Would an old Earth have rotated too fast?

Background

In personal correspondence, a creationist claimed that that the rotation of the Earth has been slowing down at a rate of 30 seconds per century, and that extrapolating back 4.5-billion years from this would give us a rotation rate that would have disintegrated the planet. Thwaites and Awbrey (1982) discuss a creationist publication that alleges a 1 second per year slowing rate, from which it extrapolates massive deformation rather than disintegration.

The shorter answer

The actual rate at which the rotation of the Earth is thought to decrease poses no problem for an old Earth.

The longer answer

I. The actual rate

Apparently, both of the rates given by the creationists above are wrong.
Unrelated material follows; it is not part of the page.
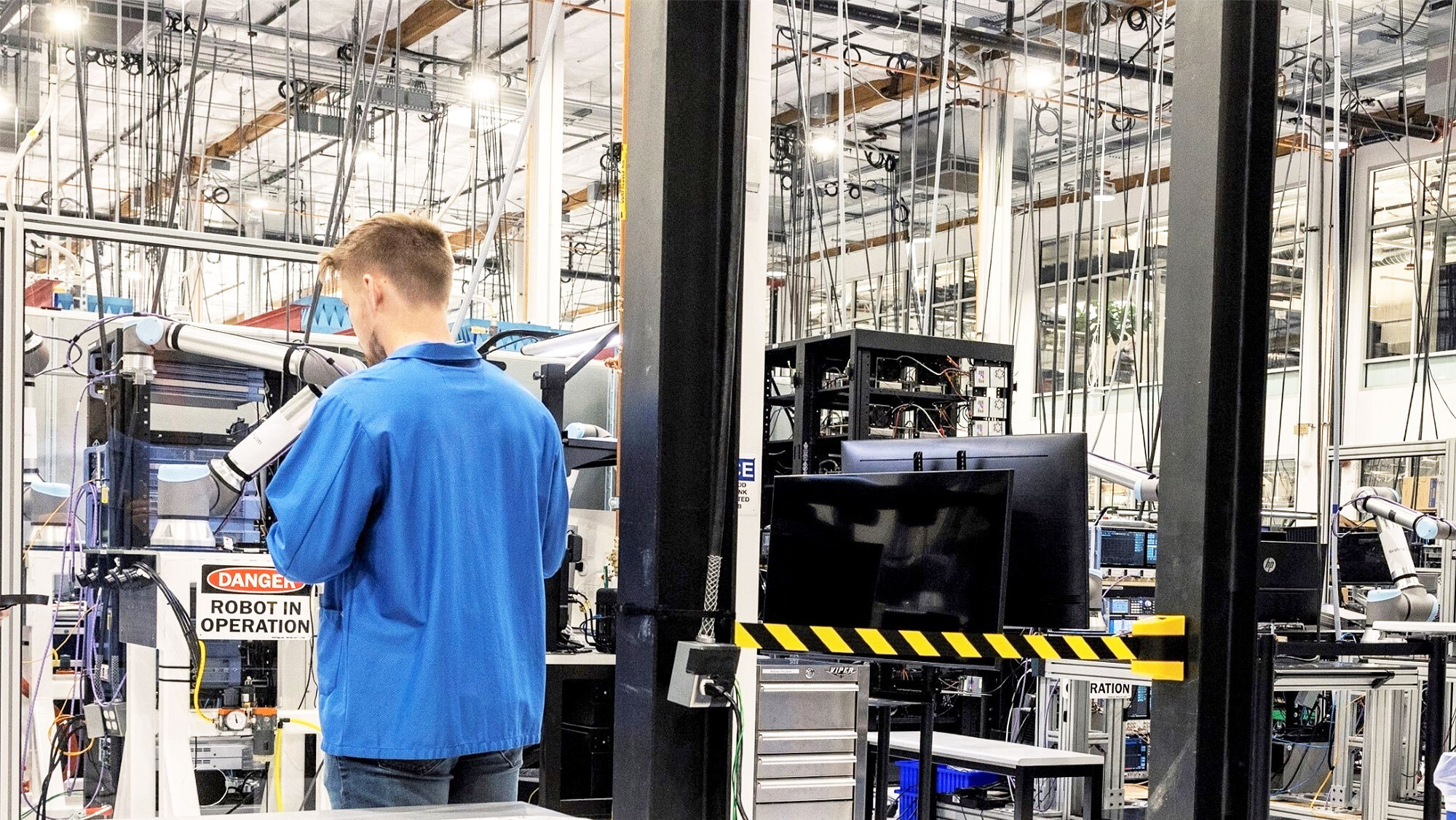 Amazon employee wearing blue lab coat working in a Project Kuiper factory.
According to Thwaites and Awbrey (1982), the rotation of the Earth is decreasing at a rate of 0.005 seconds per year every year.

II. What the actual rate would entail

Given the rate supplied by Thwaites and Awbrey, and assuming its constancy over the entire history of the Earth, we can calculate the length of a rotation on Earth 4.5 billion years ago.

The first critical thing to understand is that the Earth’s rotation rate and revolution rate are independent of one another: it always has taken the Earth about 31,536,000 seconds to complete a revolution around the Sun, no matter how fast or slow the Earth has been rotating.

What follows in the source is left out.